*WORK INSTRUCTION:* Please reproduce all of the data below exactly, leaving each picture out.

--- DATA EXCERPT Enclosed Below ---

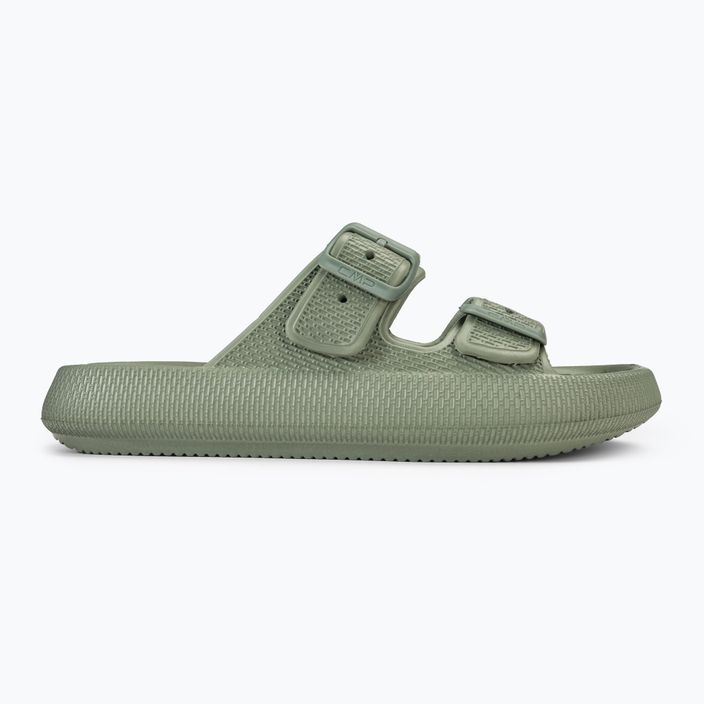 CMP infradito donna BELEM basic verde 2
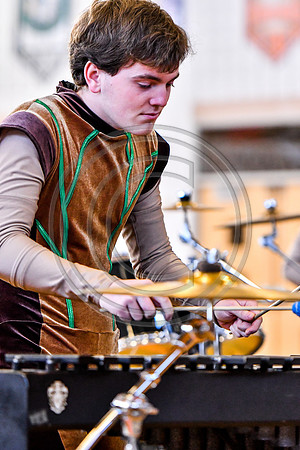 Southern Regional Drumline_180324_Perkiomen Valley-8145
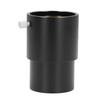2in Telescope Extension Tube Black Eyepiece Extender Adapter M48x0.75mm Threads Astronomy Telescope Accessories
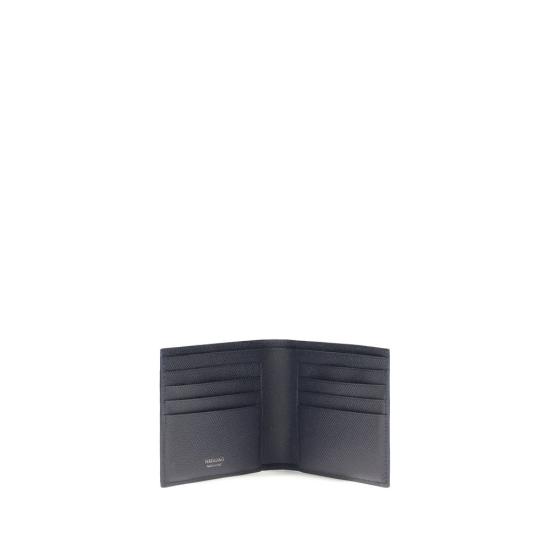 26FW 살바토레 페라가모 남성지갑 FE796683008BB BLUE - SALVATORE FERRAGAMO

--- End of Enclosed DATA EXCERPT ---

*SOLUTION:*
 CMP infradito donna BELEM basic verde 2
 Southern Regional Drumline_180324_Perkiomen Valley-8145
2in Telescope Extension Tube Black Eyepiece Extender Adapter M48x0.75mm Threads Astronomy Telescope Accessories
 26FW 살바토레 페라가모 남성지갑 FE796683008BB BLUE - SALVATORE FERRAGAMO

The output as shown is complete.